*** Begin section ***

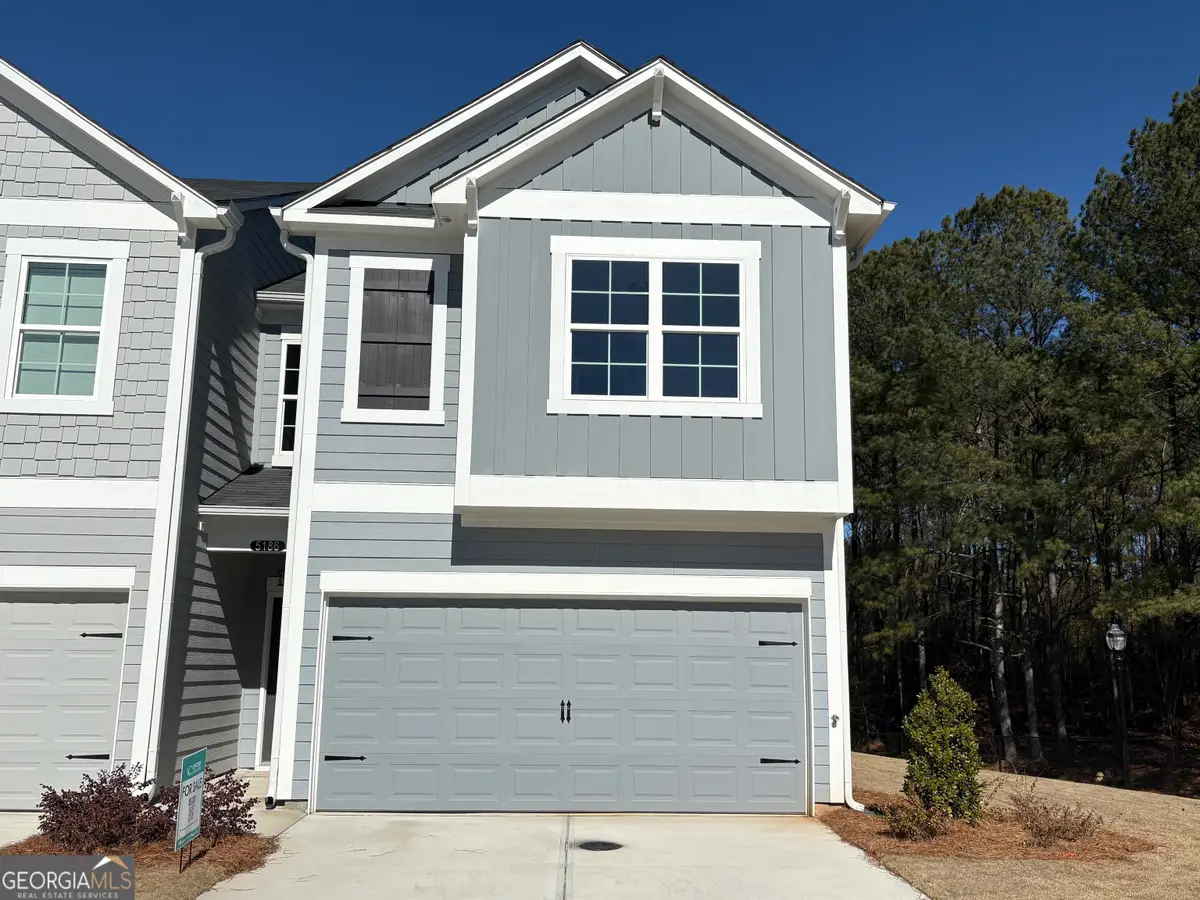 5186 Longview Run, Decatur, GA 30035 - #1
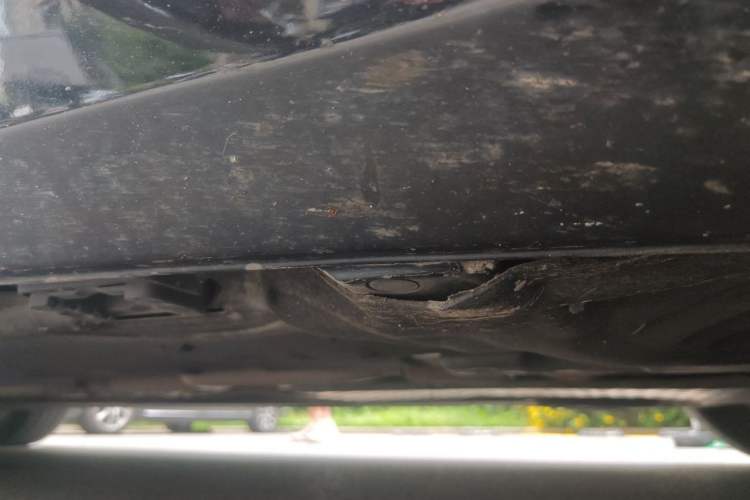 Used Mercedes-Benz S-Class 2014 S 320 L Business Model Chassis Front Right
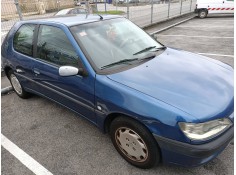 peugeot 306 berlina 3/4/5 puertas (s2) del año 1998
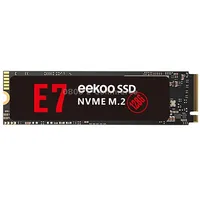 eekoo E7 Nvme M.2 128Gb Pci-E Interface Solid State Drive for Desktops / Laptops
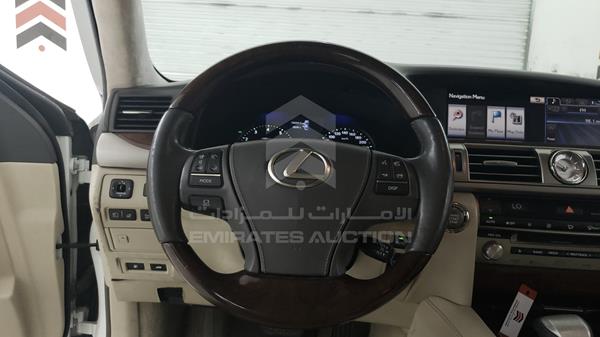 Photo 13 VIN: JTHBL5EF5E5132075 - LEXUS LS 460 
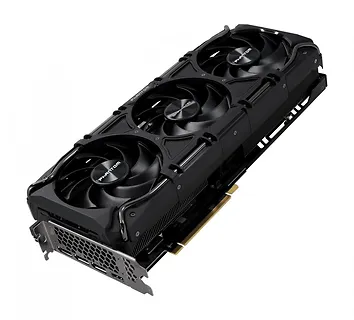Gainward Karta graficzna GeForce RTX 4070 Ti Phantom 12GB GDDRX6 192bit 3DP/HDMI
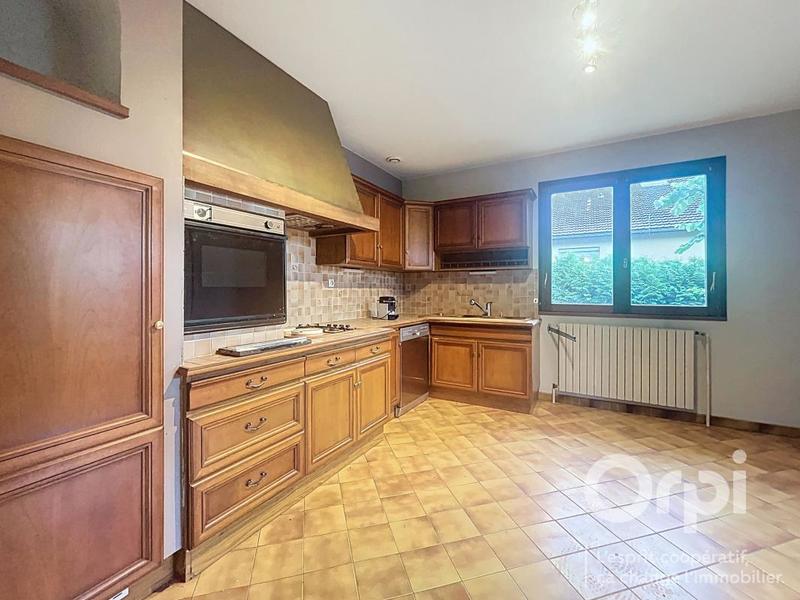 Maison - 150 m² - 4 pièces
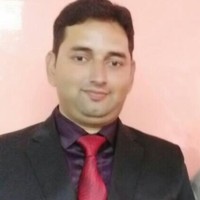 Mohammad Jawwad Hasan Siddiqui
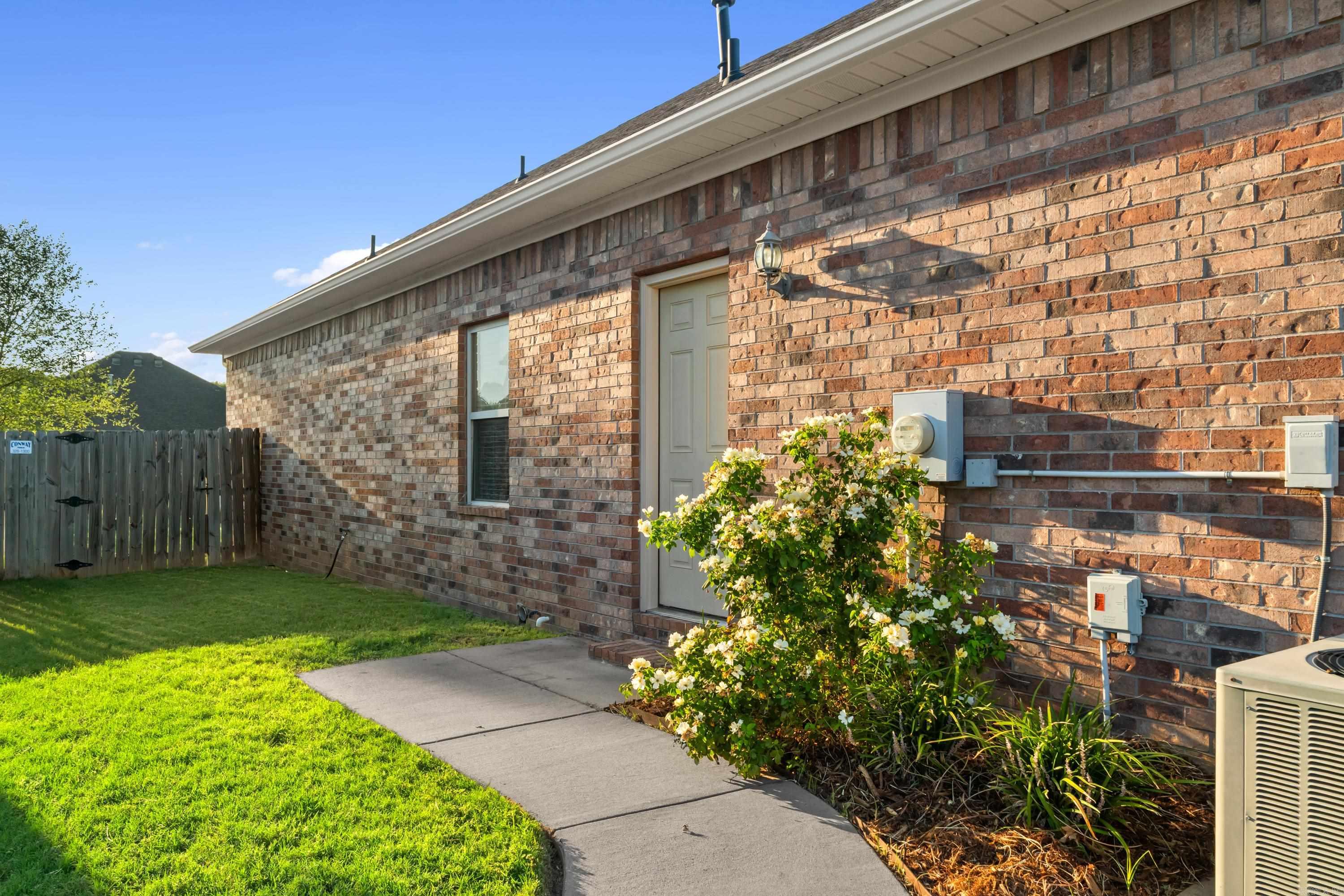 1165 Calloway Drive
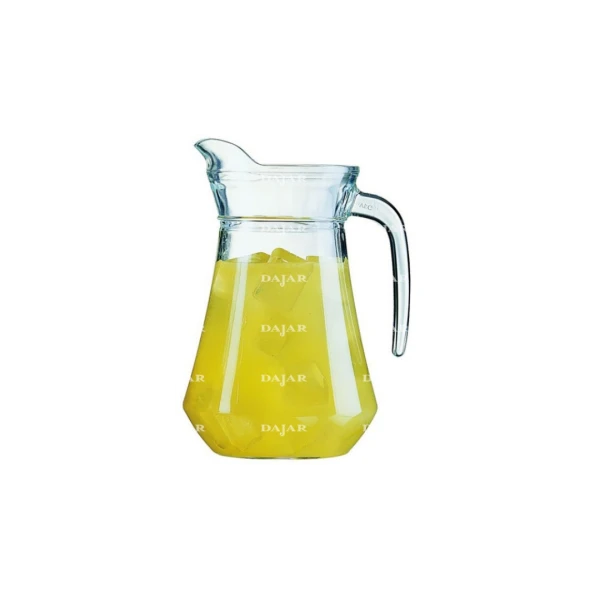 DAJAR-KPL. DO NAPOJÓW *ARC* 7 ELEM.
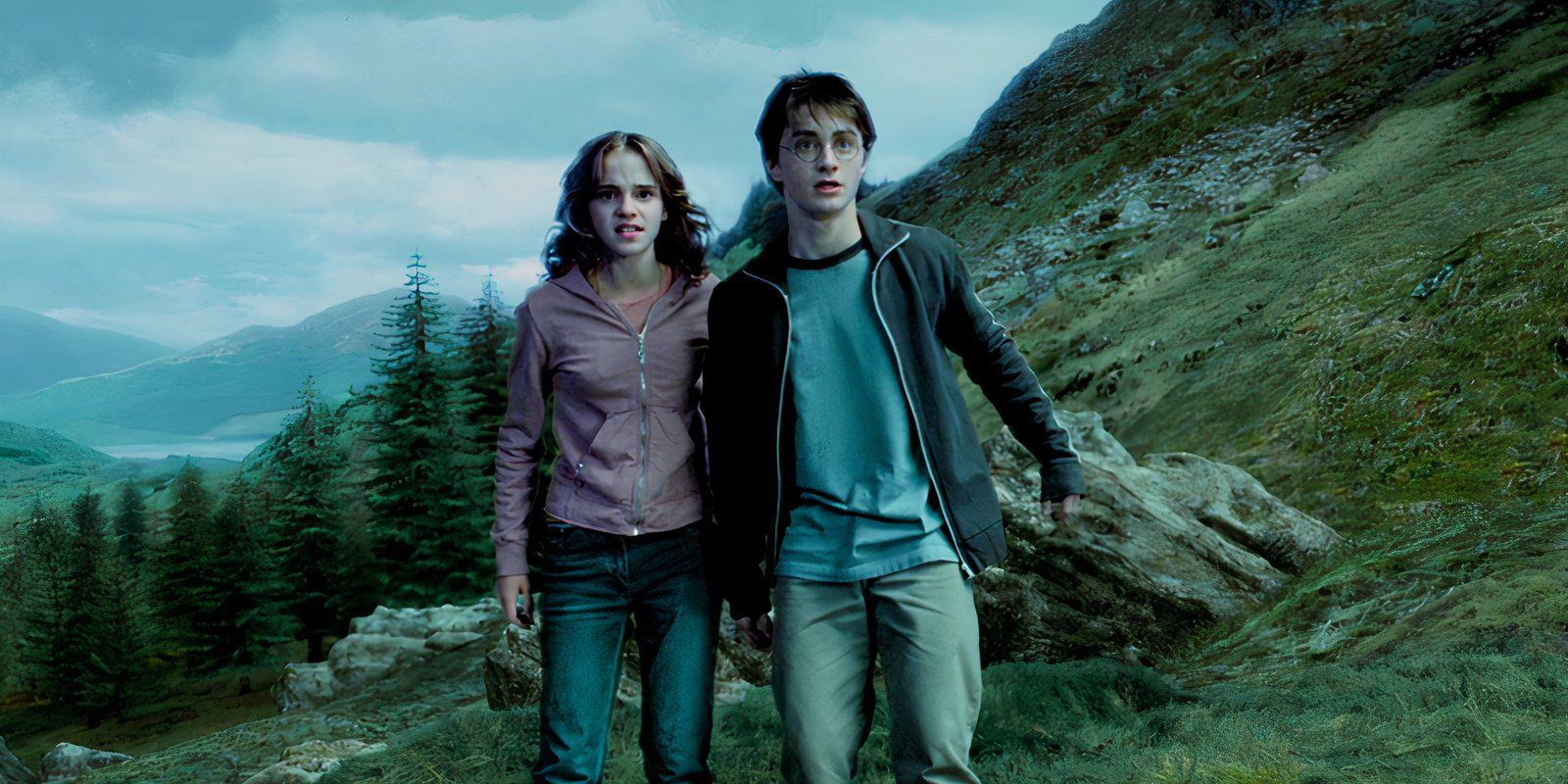 Chris Columbus's Absence From Harry Potter And The Prisoner Of Azkaban: A Directorial Change Explained Chris Columbus's Absence From Harry Potter And The Prisoner Of Azkaban: A Directorial Change Explained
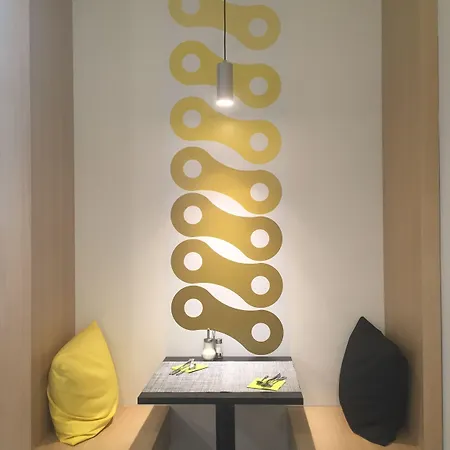 Ibis Styles Budapesta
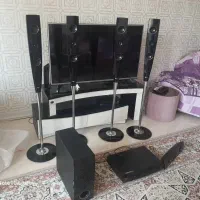 سینما خانواده|سیستم صوتی خانگی|قشم, |دیوار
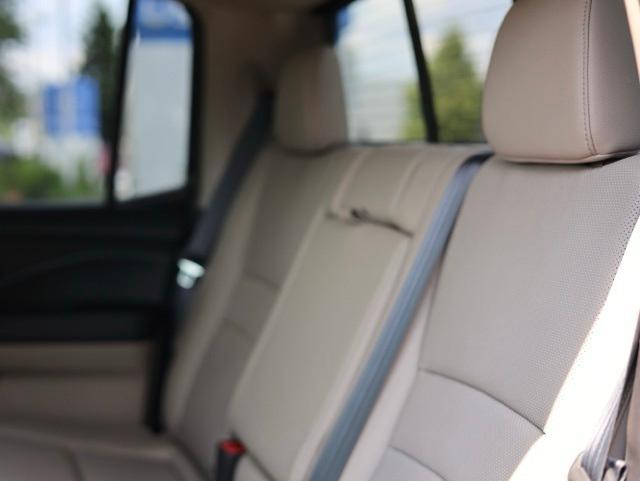 used 2020 Honda Ridgeline car, priced at $24,439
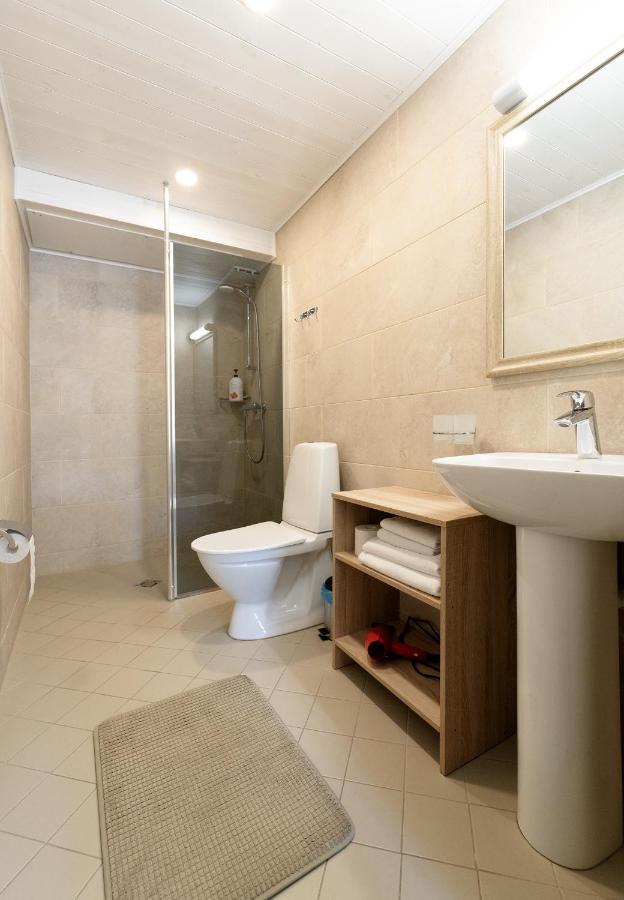 Verona Apartments - Paide Ngoại thất bức ảnh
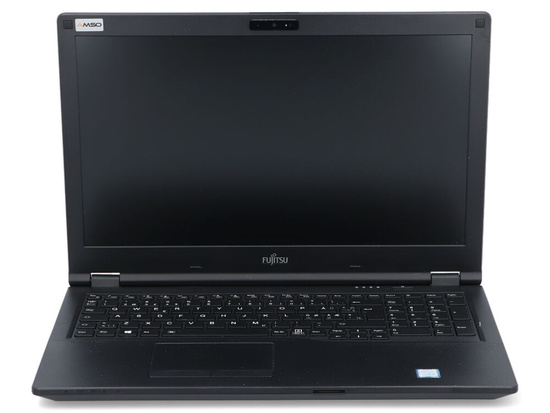 Fujitsu LifeBook E558 i3-7130U 8GB 256GB SSD 1920x1080 Třída A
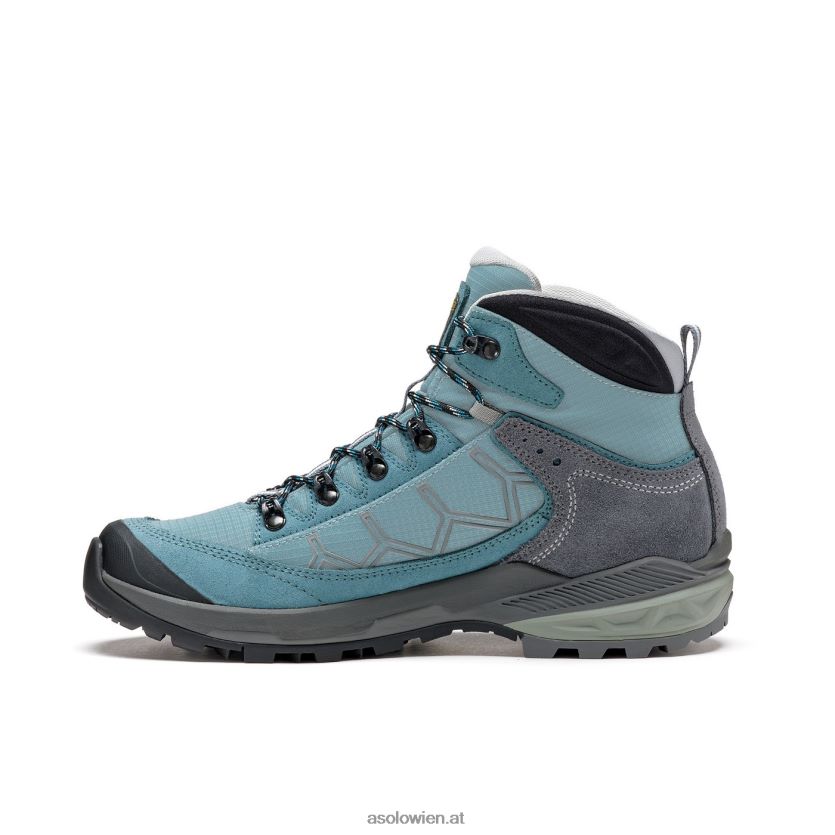 Falcon Evo GV Damen Asolo hydro/schwarz LBJ0X6142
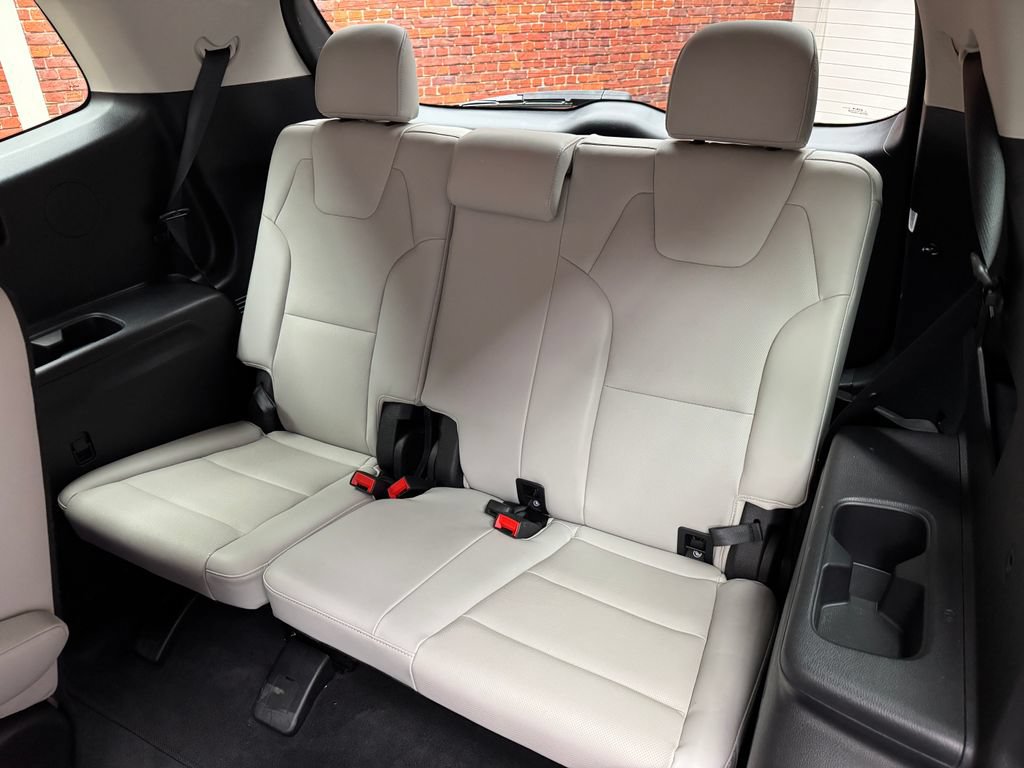 Used 2022 Kia Telluride S AWD/4WD image 27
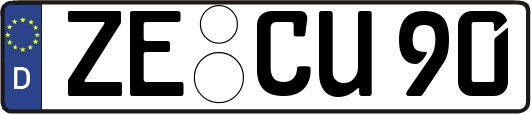 ZE-CU90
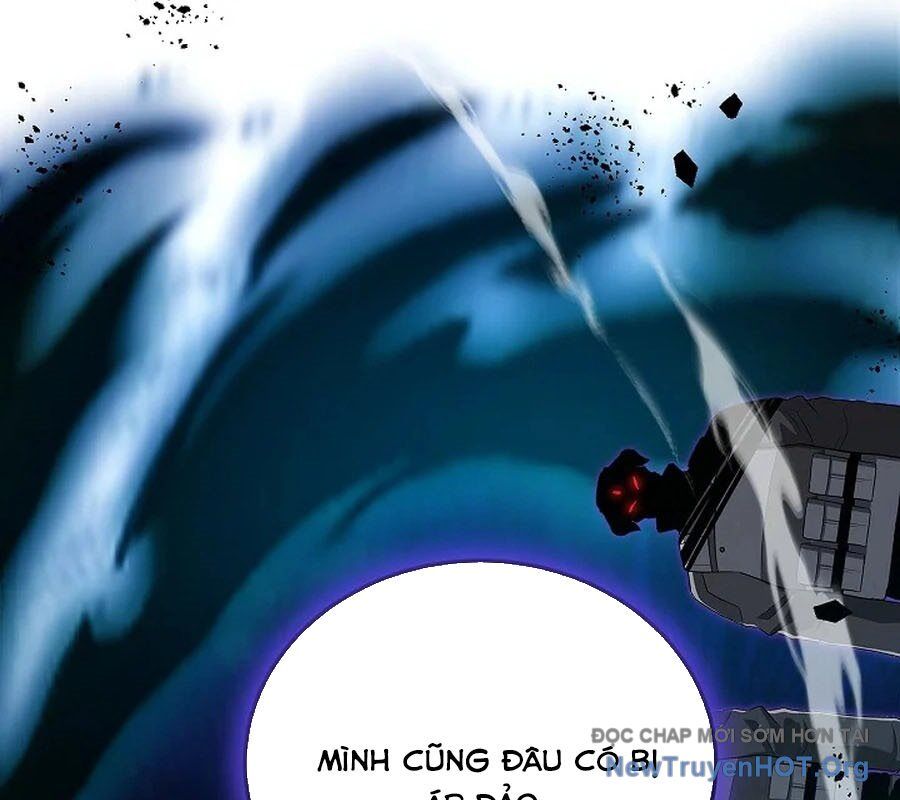 Cách Một Tử Linh Sư Cấp Thảm Họa Nghỉ Hưu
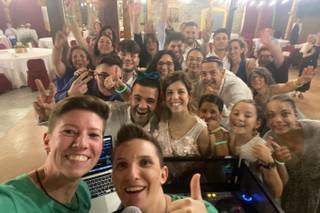 Double Beat - Voice and DJ - 17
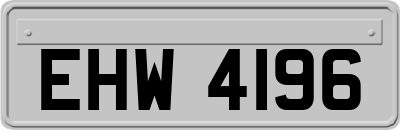 EHW4196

*** End section ***

> What is required:
What is needed is a word-for-word restatement of the lines from the one holding "Ibis Styles Budapesta" to the final line of the data above, inclusive, without any pictures.

> Response area:
 Ibis Styles Budapesta
 سینما خانواده|سیستم صوتی خانگی|قشم, |دیوار
 used 2020 Honda Ridgeline car, priced at $24,439
 Verona Apartments - Paide Ngoại thất bức ảnh
 Fujitsu LifeBook E558 i3-7130U 8GB 256GB SSD 1920x1080 Třída A
 Falcon Evo GV Damen Asolo hydro/schwarz LBJ0X6142
 Used 2022 Kia Telluride S AWD/4WD image 27
 ZE-CU90
 Cách Một Tử Linh Sư Cấp Thảm Họa Nghỉ Hưu
 Double Beat - Voice and DJ - 17
 EHW4196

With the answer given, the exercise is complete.